I never said my SC was perfect, just that with the correct prop and height settings blowout wasn't an issue for me. The tunnel design needs some work. I gave Kameron a choice in props when I sold him the boat, he chose the 3 blade. The 4 blade power tech held significantly better however it was a slower prop. With the 4 blade and the height setting I had I could run a winding creek without any issues. 

As suggested if you back off the throttle slightly going into a turn it is less of an issue. If you gun it going into the turn it can cause problems.

In my opinion I see people putting jack plates on the SC16 when it isn't necessary. Then they complain about the prop blow out. The jack plate only magnifies the issue. It runs stupid skinny without a plate. With trim tabs you can raise the stern when needed.


----------



## Maverick904 (May 28, 2013)

My issues with the turning dont have to do with blowing out. I literally have to throw all of my weight into it for the boat to make a somewhat decent turn. I have actually noticed the boat even do what seems to only be described as a crab walk when I turn the tiller and dont lean into it. Also I have noticed the bow likes to dig and I can actually get spray over the bow on sharper turns (in slick calm conditions). And that is driving solo so no extra weight towards the bow..and 230 lbs of me sitting on the rear deck.

That being said its a great little boat to do what it was designed to do. get stupid shallow and pole easily.


----------



## MUD_MINNOW (Oct 16, 2011)

More than happy to meet anyone at the ramp to give FREE test rides so this topic can be put to rest.  My SC18 with a 30 Tohatsu with electric trim and tilt and 4 blade power tech prop turns as sharp as the tiller will allow it to.  Granted the motor does need to be trimmed all the way down to do so.  I can hit 31 MPH NOT loaded with just myself in the skiff 210 lbs. 
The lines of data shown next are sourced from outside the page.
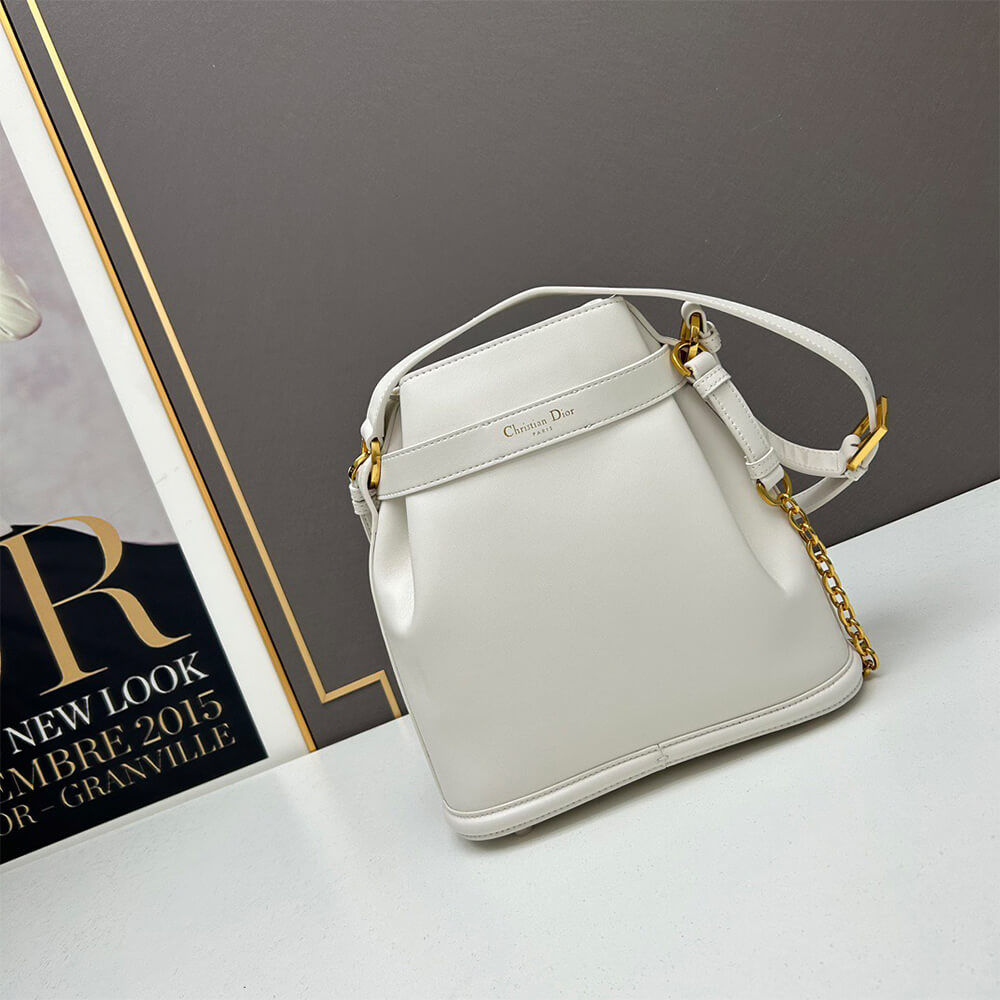 MEDIUM C’EST D10r BAG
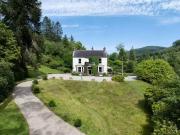 Ballyteige Lodge, Ballyteige, Tinahely, Arklow, County... Ballyteige Lodge, Ballyteige, Tinahely, Arklow, County...
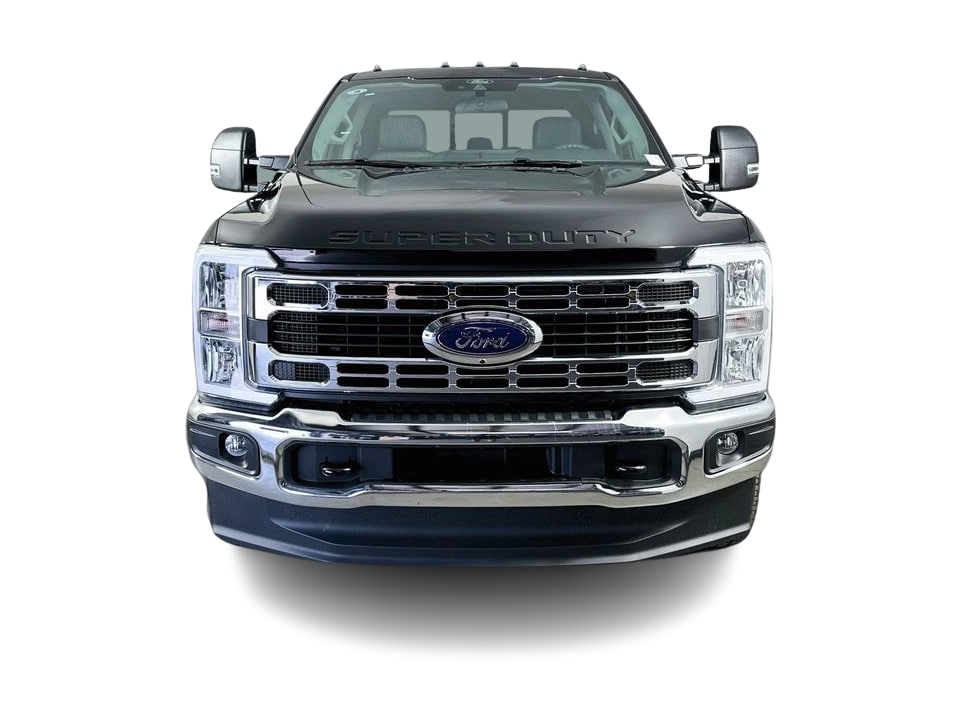 Thumbnail: 2026 Ford F-350 - 6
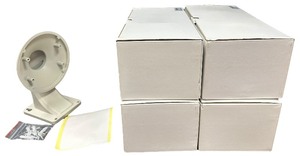 lot 142 image: Dome Camera Mount- Qty 4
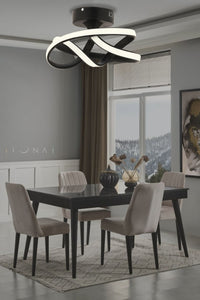 Vino Riserva 1-Light Ceiling Light — view 4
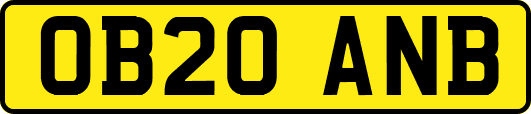 OB20ANB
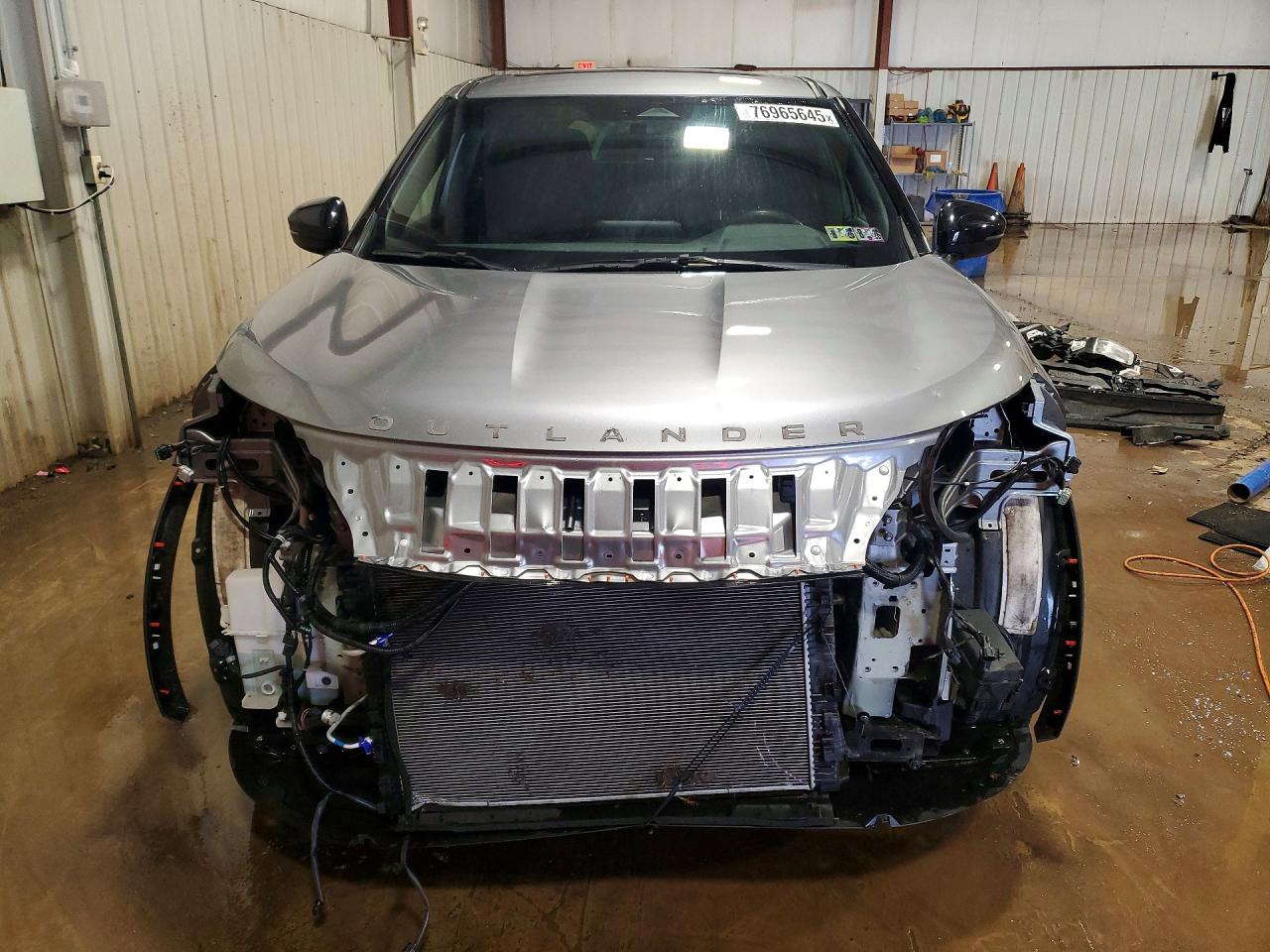 Mitsubishi Outlander Se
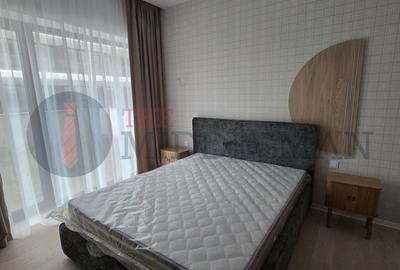 Apartament 3 camere cu terasă verde 70 mp | One Lake Club - 4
I have had the boat fully loaded myself, another 200lb+ guy, two children, 18 gal live well, ice, 12 gal fuel, batteries, tackle, etc... the skiff has no prob getting on plane and will reach 26 MPH. 

The guys who have had issues with "blow out" either have added a jack plate or have outboards without elect trim/tilt.  A 4 blade is a must!! I myself had 2 different 3 blade props from Prop Gods... not of them grabbed like the 4. 

Certainly not saying the SC18 will turn like a caiman...but the SC18 is a TUNNEL!! Get the right motor/prop and don't mess with it.

St. Augustine, FL if anyone wants to go for a spin... no pun intended.


----------



## MUD_MINNOW (Oct 16, 2011)




----------



## Boerne (Jul 11, 2014)

cool pics. can you give the specifics on which prop you have. I plan to pick up my 18ft SC in Nov. Thanks for great info. on the SC


----------



## el9surf (Dec 23, 2008)

Depending on whether the tabs are engaged and how the motor is trimmed you should be able to adjust for that. I never noticed it. I still have the 4 blade if you want to give it a shot.

Traditionally tunnels sacrifice a bit of draft and performance to go where other boats can't.


----------



## paint it black (Nov 3, 2007)

Just got back from the keys fishing the Herman Lucerne Memorial. With gear and two anglers, after a carb job the skiff (17 non tunnel) hit new wot top speed of 29.6 with the yammy 25 two smoke with a banged up prop. I am digging this skiff. Photos to come.


----------



## bermuda (Aug 22, 2010)

Wow - does that yammy have PTT?


----------



## paint it black (Nov 3, 2007)

> Wow - does that yammy have PTT?



It does not. I will probably be putting this outboard forsale and going with a 30HP with PTT in the future.


----------



## bermuda (Aug 22, 2010)

Thats a nice speed for no PTT though - what hole did you put the manual tilt on? 

Thanks


----------



## paint it black (Nov 3, 2007)

> Thats a nice speed for no PTT though - what hole did you put the manual tilt on?
> 
> Thanks


I believe it's at the bottom hole, if not, it's at the one just before bottom.


----------



## Trippt133 (May 30, 2010)

Tidal Fly -

Dd you end up purchasing a Shadowcast? I'm in Mt. pleasant also, and checked this skiff out at the boat show earlier this year. I like the draft numbers and price point, but worry about large boat wakes in the waterway. I've had some close calls in smaller flats boats before.


----------



## jpnewman (May 8, 2013)

TDean,

I didn't end up buying one, just stuck with my ghost. However, the shadow cast would be a sweet skiff for our area, particularly if you are fishing primarily in the waterway.


----------



## Trippt133 (May 30, 2010)

Got it thanks. I have an email in for an updated price sheet. I think it would definitely be a great skiff for sight fishing, especially with a fly rod. Just not sure how comfortable the soon to be wife would be cruising to capers for the day in it. Going to be a few months before I can get the finances in order, just in the researching phase now.


----------